The Dream Merchants (Mass Market Paperbacks) by Harold Robbins- novel- English language- USA- Harold Robbins is popular author in India also. His novels are available in book stores and on the side second hand. I have purchased his books from the roadside stalls. The present novel The Dream Merchants is a long story about how two fictional characters started a fictional film studio. They find passionate women actors and artists to help them. The characters of Peter Kessler and Johnny Edge get to sit in on the very first moments of the movie industry with the installment of 'flickers' into the arcade rooms at the dawn of the 20th century. The public immediately embraced this new attraction. From there we go to New York and Hollywood as movie reels were made to entertain in the movies. Then came the silent films and shorts, followed of course by the 'talkies' and Peter and Johnny are involved in all. But along the way we also see that it wasn't just a bed of roses, there were challenges at every step... including power struggles when the money rewards became apparent.

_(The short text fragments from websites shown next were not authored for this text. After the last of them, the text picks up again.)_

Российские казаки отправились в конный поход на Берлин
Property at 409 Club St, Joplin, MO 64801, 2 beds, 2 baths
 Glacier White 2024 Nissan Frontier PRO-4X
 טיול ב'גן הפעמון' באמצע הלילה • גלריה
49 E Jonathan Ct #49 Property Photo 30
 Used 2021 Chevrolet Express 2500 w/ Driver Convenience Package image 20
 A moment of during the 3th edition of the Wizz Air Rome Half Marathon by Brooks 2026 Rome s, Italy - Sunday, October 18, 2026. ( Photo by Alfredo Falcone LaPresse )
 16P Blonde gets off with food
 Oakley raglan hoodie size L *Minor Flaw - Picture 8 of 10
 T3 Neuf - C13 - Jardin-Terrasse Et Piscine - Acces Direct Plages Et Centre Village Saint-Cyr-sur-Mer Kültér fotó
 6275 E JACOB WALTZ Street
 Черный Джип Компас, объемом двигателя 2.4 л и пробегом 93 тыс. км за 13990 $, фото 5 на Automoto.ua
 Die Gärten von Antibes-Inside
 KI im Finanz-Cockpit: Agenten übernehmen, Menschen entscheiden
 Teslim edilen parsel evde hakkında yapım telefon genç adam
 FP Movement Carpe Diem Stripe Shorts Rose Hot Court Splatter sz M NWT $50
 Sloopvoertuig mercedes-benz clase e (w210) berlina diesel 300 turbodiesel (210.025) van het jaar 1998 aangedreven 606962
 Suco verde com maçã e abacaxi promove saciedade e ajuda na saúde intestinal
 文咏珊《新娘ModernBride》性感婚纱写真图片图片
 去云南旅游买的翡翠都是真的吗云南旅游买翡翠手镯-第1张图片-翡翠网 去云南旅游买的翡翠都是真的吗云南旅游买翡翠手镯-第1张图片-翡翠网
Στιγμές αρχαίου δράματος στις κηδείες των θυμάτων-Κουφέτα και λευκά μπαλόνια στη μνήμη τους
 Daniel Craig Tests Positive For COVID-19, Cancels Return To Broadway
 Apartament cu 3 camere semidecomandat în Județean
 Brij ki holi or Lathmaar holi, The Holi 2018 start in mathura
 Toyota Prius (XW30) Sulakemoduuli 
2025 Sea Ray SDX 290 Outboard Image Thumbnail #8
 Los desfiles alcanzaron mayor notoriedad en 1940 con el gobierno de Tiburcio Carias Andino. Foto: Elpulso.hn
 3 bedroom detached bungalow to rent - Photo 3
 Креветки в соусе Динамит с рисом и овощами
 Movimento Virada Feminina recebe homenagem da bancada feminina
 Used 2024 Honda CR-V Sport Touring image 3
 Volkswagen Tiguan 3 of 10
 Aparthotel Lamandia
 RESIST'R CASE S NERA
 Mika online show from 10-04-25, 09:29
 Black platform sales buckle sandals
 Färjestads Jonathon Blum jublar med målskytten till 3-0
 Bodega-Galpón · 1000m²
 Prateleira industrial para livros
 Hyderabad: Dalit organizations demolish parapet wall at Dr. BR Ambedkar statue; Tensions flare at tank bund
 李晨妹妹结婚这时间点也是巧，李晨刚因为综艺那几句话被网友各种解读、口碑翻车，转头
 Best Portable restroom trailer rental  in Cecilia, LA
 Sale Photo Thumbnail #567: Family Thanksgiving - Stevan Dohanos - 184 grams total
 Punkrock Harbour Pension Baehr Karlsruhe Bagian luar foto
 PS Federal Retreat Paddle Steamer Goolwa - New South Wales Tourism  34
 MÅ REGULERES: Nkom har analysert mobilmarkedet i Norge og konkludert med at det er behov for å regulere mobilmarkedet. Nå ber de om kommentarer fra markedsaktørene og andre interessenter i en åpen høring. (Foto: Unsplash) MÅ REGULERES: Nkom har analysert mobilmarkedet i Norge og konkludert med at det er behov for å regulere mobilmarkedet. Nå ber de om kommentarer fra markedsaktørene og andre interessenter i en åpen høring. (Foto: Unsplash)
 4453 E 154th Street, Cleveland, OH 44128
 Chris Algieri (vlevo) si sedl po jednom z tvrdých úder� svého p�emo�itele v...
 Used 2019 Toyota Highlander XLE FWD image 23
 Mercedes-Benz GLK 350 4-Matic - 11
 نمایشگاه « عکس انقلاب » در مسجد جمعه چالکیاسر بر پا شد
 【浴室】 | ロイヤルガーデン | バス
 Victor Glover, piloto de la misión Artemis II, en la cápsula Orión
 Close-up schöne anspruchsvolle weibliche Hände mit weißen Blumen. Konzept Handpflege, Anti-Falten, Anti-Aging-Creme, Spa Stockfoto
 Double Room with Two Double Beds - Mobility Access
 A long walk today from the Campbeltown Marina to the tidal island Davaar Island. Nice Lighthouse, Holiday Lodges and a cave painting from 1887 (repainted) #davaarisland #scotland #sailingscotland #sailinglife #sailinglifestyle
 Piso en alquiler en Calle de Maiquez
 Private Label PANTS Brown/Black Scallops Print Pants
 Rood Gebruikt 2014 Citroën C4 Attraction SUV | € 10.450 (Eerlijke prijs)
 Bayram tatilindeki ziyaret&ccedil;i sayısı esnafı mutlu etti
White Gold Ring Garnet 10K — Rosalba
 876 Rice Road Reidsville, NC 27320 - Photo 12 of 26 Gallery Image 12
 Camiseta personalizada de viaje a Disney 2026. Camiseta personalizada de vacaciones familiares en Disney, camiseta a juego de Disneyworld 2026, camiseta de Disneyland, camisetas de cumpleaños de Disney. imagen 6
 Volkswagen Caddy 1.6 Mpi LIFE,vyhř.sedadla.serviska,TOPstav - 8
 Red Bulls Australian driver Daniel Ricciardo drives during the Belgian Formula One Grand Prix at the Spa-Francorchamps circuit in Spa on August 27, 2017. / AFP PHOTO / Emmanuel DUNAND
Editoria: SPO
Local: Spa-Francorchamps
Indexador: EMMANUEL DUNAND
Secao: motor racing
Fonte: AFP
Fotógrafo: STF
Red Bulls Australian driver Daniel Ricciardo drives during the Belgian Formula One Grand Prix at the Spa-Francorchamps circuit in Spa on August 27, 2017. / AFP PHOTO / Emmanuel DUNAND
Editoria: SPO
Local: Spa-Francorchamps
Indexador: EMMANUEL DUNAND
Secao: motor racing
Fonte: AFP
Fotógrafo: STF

Author showcases Hollywood with all its glamor and also warts; the fame, the glory, the money. but also the envy, greed, the seduction and the personal costs involved on all levels.
Robbins provides us with a great femme fatale in Dulcie, who will stop at nothing to get what she wants- to be a star! Here is a great quote by her first director “You know, you’re a very beautiful woman, Dulcie, and a dangerous one, too. You make fires to start burning inside men.”
This was Dulcie..."She had never loved Johnny and had married him for only one reason. He was getting what he wanted, she held nothing back from him. It was only fair that she should get what she wanted. She knew deep inside her that she would never be satisfied with one man. There was a constant driving inside her, challenging her. She could only be happy when every man in the world could see her and want her. She smiled to herself. Soon every man would. When her picture came out." Author warns what it takes to make it in this motion picture business.“This business had to be inside you the way it was for Johnny. You were good for it then, but it left you room for little else.” But Robbins also tells us what it means to be on top... to be the boss... as Peter warns Johnny,-“When you’re boss, Johnny, you’re on your own. You got no friends, only enemies. If people are nice to you, you wonder why. You wonder what they want from you. You listen to what they say and try to make them comfortable, but you never can. They never forget that you’re the boss and what you say or do might turn their lives inside out. Being a boss is a lonely thing, Johnny, a lonely thing.” Success in Hollywood was no easy task as one of the top Hollywood reporters tells Johnny... “This is a very funny business, Johnny. We live in a sort of fishbowl out here. I know, because in many ways I helped to make it so. And I know too, that many things are said about the people out here that aren’t true and that these things sometimes make a lot of trouble and hurt other people.” And “There are many small and vicious people who are envious… and wouldn’t hesitate to destroy.” I read it’s swiftly moving story, I pictured it flowing across a movie production studio and a screen. The book is a very satisfying as a tale of Hollywood. It is a goodread book for readers of all age groups.